CRONICA SOBRE A SEMANA SANTA
No caderno de notas e impressões de um turista que aqui esteve há anos, encontramos, além das observações sobre o lugar, as seguintes linhas, que por sua oportunidade tem algum valor. Trata-se da Semana Santa, ou antes, dos seus preparativos, que o viajante, por método, dividiu por esta forma:
Fins de Janeiro – os negociantes fazem sortimento; os mais apressados pedem figurinos e amostras
Primeira quinzena de Fevereiro – a festa já dá para assunto de conversa; os homens calculam gastos, as mulheres projetam vestuários, escolhem fazendas, a Câmara (1) manda podar a grama das calçadas e dá balanço no estoque de querosene (2), a fim de que não falte; grande procura de pedreiros para retoques e limpeza das casas.
Segunda quinzena de fevereiro – os fazendeiros contratam casas para aluguéis (…..) os homens viajam para São João fazer ternos e comprar sapatos para a família; passa-se revista na casa, a ver o que falta; há vinte chamados urgentes para cada pedreiro, cuja cotação se eleva; as criadas tomam dois, quatro meses adiantados; encomenda de padres (3) – discute-se a eloquência deste, a voz daquele; a Câmara repara os calçamentos (4), desvia esgotos (5), limpa as ribas dos córregos.
Primeira quinzena de Março – intensificam-se os serviços, publicação do programa da festa; os fazendeiros reclamam consertos nas estradas para o trânsito dos carros de bois; – “sabe se fulano vem? Sicrano já escreveu que vem”; grande atividade das máquinas de costura, tanto falam as tesouras de aço como as de carne; começam a sumir as páginas de todos os figurinos para evitar vestidos iguais; entra e sai nos negócios, fitas, rendas e botões pra lá e pra cá; a falta de uma combinação para o vestido inquieta mais do que uma dispepsia (6); os afilhados formigam atrás dos padrinhos à cata de chapéus (7) e roupas; grande falta de ovos no mercado; um frango fica mais caro do que uma estrada sem atoleiro ou um padre que não esteja comprometido.

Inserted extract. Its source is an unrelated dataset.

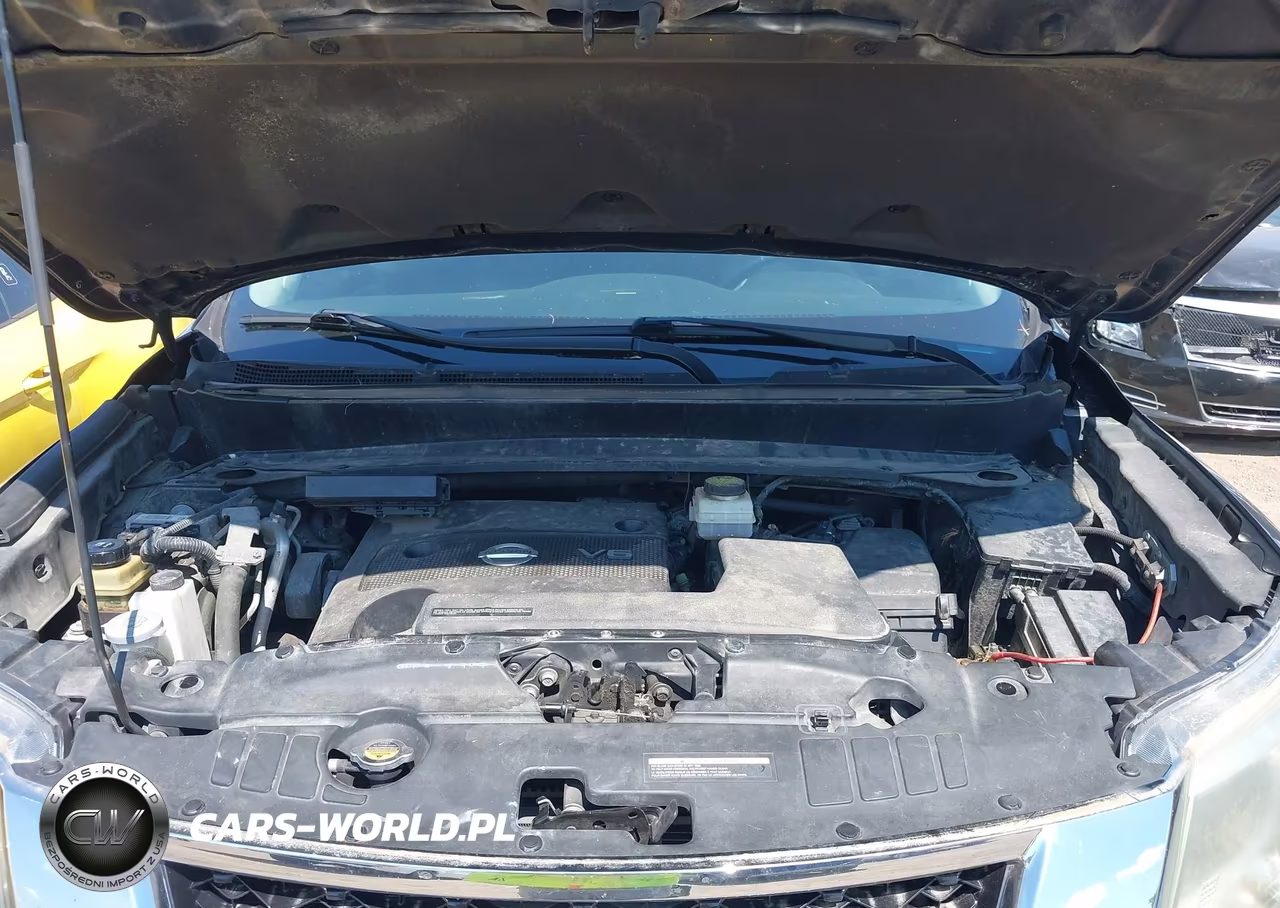 2014 Nissan Pathfinder Sl VIN:5N1AR2MM5EC734895 - 10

Segunda quinzena de Março – 28 é domingo de ramos: começam a chegar as encomendas de fora; a tardança de uma delas anuvia mais o horizonte (para o dono) do que a iminência da espanhola (8); limpeza da caixa d’ água, última dê mão (9) nos serviços públicos; põe-se cascalho aqui, acolá, no itinerário (10) a procissões; os passinhos são abertos para expurgo do mofo; a música ensaia três vezes ao dia o programa a executar; todos aparam o cabelo; nas oficinas de costura (e há uma em cada casa, às vezes duas) a atividade e confusão transtornam todas as paciências masculinas; as mulheres se movem e se entendem perfeitamente naquela balbúrdia sem trocar a manga de um vestido ou a casa de um botão; o barulho das máquinas só encontra rival np vpzerio das costureiras; e se acontece ter passarinhos na casa… o marido não precisa se confessar, só fica com o pecado original; ali se sabe o feitio de todos os vestidos e os vestidos de todo mundo.
Últimos dias – todo mundo lava a casa (11); corridas apressadas aos negócios para artigo de remate; os caixeiros (12) ficam apalermados; impossibilidade quase absoluta de se comprar uma verruma ou outra arma fora da estação; todos os figurinos ficam reduzidos à capa e alguns a última folha desta; os maridos que entram em casa de repente vêm sumir em cada porta uma saia branca cobrindo um calcanhar que se ocultas às carreiras; exame e limpeza das lanternas; limpeza das igrejas, limpeza das casas, limpezas das ruas, limpeza de tudo; há uma imundicia de asseio.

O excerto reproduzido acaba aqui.